Grellet-Tinner found guilty of sexual midsconduct

A jury found 59-year-old Orcas Island High School teacher Gerald Grellet-Tinner guilty of two counts of Sexual Misconduct in the First Degree.

He was accused of having a sexual relationship with one of his students, who was also his teaching assistant, last October. According to the Washington state legislature, a teacher cannot have intercourse with a registered student under the age of 21 if he or she is at least five years older than the student. The student in this case was 19 at the time of the sexual relationship. She is 20 now.

Grellet-Tinner is being held in Island County jail until his sentencing on July 22 at 1:30 p.m. in San Juan County Superior Court. The conviction is a class C felony, punishable by up to five years’ imprisonment, a fine of up to $10,000, or both.

“The sentence will be imposed consistent with the Sentencing Reform Act Manual, which considers the defendant’s criminal history and the seriousness of the offense,” said San Juan County Prosecuting Attorney Randall Gaylord. “The time of confinement will be determined by Judge Eaton.”

The trial started June 13 and ended June 23. Grellet-Tinner was represented by Robert D. Butler and Emily Beschen of Bellingham, Wash.

On the last day of the trial, the defense presented the majority of its case. Robert Matheson, an employee of Rosario Resort and Spa, testified that the defendant used the hot tub facilities around 9 p.m. on Oct. 4, 2015 which is in contradiction to the victim’s testimony about alleged sexual acts occurring during that time. He testified that Grellet-Tinner was a regular at the spa facilities, using the hot tub about three days a week.

During cross-examination, Gaylord asked Matheson if he was sure it was Oct. 4 as he had originally stated to Gaylord in a telephone interview that he saw the defendant on a different date. He also presented Matheson with a sign-in sheet for the spa that did not list Grellet-Tinner’s name on that date.

The defendant took the stand and testified that he did not have sexual intercourse with the victim. He admitted to inviting her into his home to grade papers, attending a party with her and her family and kayaking. On Oct. 4, 2015, the day of the barbecue and kayaking trip, he testified that in the evening, they returned to his house and the victim went inside to change out of her wet clothes while he put the kayaks away. She then drove home, and the defendant said he went to Rosario Resort and Spa, where he used the hot tub and had a conversation with Matheson.

During the subsequent week, Grellet-Tinner testified that the student was listening in on his phone calls and knocking on his door late at night. He called the police on Oct. 11 at 1:30 a.m. to report harassment, and Detective Jack Wilsey responded to the call. The defendant told Wilsey that the student had come to his house late that night, and as he was blocking the door, she grabbed his genitals, tried to kiss him and was “out of control.” He testified that he was barring her entrance because he had been told by the Orcas School Superintendent and Principal to not have any contact with students or parents during the sexual misconduct investigation.

Wilsey testified earlier in the day that no further action was taken after the initial call from Grellet-Tinner on Oct. 11.

The defense filed a motion to reconsider the original motion to dismiss the case, arguing that the victim was not a full-time student and was enrolled in the OASIS alternative learning program and only attended classes at Orcas High School.

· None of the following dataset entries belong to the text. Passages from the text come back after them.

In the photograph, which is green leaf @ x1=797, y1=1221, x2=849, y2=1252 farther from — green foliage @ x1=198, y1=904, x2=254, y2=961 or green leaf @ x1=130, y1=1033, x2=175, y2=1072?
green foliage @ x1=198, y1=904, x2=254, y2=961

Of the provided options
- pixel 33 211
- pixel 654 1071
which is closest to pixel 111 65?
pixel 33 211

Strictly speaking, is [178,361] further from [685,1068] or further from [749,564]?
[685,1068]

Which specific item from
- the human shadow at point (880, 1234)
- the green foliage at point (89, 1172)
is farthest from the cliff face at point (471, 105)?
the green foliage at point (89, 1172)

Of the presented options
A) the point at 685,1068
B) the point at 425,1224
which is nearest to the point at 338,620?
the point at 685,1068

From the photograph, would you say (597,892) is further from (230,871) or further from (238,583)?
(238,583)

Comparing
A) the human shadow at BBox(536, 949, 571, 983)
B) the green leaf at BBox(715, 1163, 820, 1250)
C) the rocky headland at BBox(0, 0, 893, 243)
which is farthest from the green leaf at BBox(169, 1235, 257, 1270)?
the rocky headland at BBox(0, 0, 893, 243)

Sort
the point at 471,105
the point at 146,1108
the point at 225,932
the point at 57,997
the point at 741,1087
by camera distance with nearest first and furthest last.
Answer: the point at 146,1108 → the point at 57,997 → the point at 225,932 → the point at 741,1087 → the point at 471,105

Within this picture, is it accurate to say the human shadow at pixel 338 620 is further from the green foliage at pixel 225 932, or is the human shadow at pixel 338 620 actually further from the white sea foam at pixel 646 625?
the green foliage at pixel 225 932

Washington state statute requires that the offending teacher must be in the same school as the student.

Gaylord told Judge Donald Eaton that the motions to dismiss should have been made before the trial and that it was unfair to present them right before closing statements. He rebutted that the Washington Administrative Code judges full-time enrollment status on the student’s first four days of school and that the victim’s school transcript as well as previous testimony from school personnel show she was a full-time student in the Orcas High School at the time of the alleged misconduct. OASIS is an alternative program of the Orcas Island School District.

Judge Eaton denied the defense’s motion to dismiss with the belief that the legislature did not intend to “parse out this kind of distinction” in its effort to protect students from sexual misconduct. After a recess, the defense filed a motion for a mistrial. It was also denied.

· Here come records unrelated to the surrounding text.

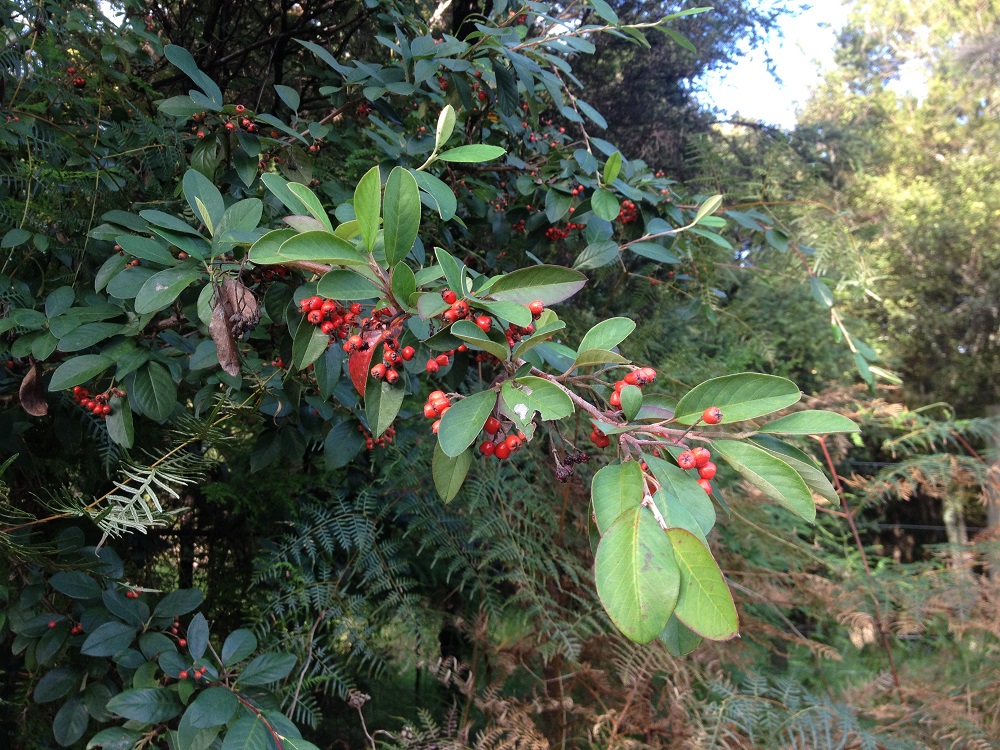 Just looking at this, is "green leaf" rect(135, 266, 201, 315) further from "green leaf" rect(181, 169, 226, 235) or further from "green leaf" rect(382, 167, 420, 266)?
"green leaf" rect(382, 167, 420, 266)

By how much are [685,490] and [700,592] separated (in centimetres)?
8

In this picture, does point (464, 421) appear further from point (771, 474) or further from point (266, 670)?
point (266, 670)

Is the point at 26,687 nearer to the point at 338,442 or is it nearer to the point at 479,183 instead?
the point at 338,442

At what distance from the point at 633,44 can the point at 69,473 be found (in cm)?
263

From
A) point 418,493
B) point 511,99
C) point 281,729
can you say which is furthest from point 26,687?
point 511,99

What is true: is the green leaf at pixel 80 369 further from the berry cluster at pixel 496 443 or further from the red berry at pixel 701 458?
the red berry at pixel 701 458

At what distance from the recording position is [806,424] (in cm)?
46

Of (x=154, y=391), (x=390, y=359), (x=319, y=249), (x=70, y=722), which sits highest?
(x=319, y=249)

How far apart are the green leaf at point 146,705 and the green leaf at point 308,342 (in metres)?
0.50

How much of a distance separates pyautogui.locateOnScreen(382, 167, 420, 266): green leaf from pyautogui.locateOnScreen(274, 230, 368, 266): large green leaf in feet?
0.15

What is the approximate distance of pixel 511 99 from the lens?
3.59 feet

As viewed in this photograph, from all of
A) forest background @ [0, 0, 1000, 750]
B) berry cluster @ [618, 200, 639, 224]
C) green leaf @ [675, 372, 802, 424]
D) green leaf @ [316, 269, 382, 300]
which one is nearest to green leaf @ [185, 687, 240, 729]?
forest background @ [0, 0, 1000, 750]

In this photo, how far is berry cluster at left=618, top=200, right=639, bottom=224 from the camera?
1.22 m

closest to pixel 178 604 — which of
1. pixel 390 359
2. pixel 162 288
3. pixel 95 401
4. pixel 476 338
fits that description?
pixel 95 401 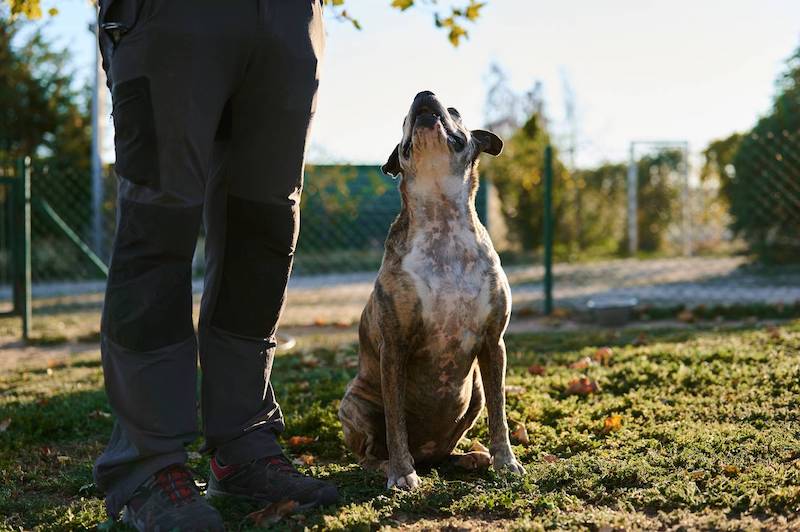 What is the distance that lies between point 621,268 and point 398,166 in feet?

During closing arguments, Gaylord showed a timeline of how the defendant allegedly “groomed” the victim, beginning with emails and invitations to his home, followed by compliments, asking her to go hot tubbing and showing her his bedroom.

“Her version is corroborated by physical evidence,” said Gaylord, adding that nothing in the trial has contradicted the victim’s testimony.

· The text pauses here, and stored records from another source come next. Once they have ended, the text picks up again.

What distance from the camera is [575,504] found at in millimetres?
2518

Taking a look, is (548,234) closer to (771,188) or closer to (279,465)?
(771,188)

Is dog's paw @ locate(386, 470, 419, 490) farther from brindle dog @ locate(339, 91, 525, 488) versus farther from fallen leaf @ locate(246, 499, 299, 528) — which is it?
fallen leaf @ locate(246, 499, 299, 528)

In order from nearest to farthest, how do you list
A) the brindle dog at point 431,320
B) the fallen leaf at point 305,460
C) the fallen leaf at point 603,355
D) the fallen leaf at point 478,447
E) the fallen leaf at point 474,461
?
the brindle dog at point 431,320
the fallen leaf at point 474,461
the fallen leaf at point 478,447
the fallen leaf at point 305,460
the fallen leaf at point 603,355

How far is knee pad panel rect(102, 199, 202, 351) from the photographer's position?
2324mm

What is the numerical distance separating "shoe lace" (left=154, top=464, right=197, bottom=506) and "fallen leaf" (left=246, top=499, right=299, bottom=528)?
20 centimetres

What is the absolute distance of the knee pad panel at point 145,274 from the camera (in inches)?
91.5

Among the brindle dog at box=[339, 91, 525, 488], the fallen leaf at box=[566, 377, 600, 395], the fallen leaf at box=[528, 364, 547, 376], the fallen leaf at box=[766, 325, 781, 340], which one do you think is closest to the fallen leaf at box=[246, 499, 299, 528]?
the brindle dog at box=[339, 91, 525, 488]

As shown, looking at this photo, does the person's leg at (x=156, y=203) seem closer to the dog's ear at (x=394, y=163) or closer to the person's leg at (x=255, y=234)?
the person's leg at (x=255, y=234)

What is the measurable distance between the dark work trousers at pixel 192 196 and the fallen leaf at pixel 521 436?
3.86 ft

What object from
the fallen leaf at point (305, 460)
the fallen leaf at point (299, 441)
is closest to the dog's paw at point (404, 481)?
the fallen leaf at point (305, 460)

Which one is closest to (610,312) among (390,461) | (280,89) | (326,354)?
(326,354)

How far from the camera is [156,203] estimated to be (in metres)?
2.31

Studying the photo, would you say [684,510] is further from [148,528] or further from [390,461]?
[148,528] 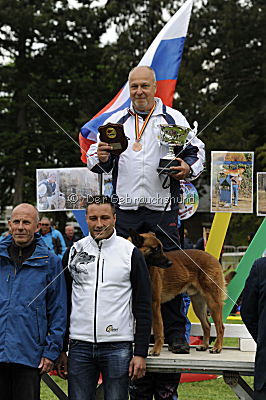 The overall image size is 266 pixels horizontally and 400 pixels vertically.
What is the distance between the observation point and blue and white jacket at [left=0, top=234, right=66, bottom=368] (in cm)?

Butler threatened to file another motion for mistrial, claiming that what Gaylord said was a false directive to the jury. Judge Eaton denied the motion.

During his closing statements, Butler said the prosecution’s timeline shows nothing illegal and doesn’t indicate the defendant and student had intercourse.

“Having her over to his house while might be a violation of school rules but it is not against the law,” he said.

In regards to the semen evidence, Butler said it doesn’t mean the two had intercourse; she could have “gotten it from somewhere.” He said the victim has lied about portions of the case and “manipulates” the system.

Heather Spaulding contributed to this story.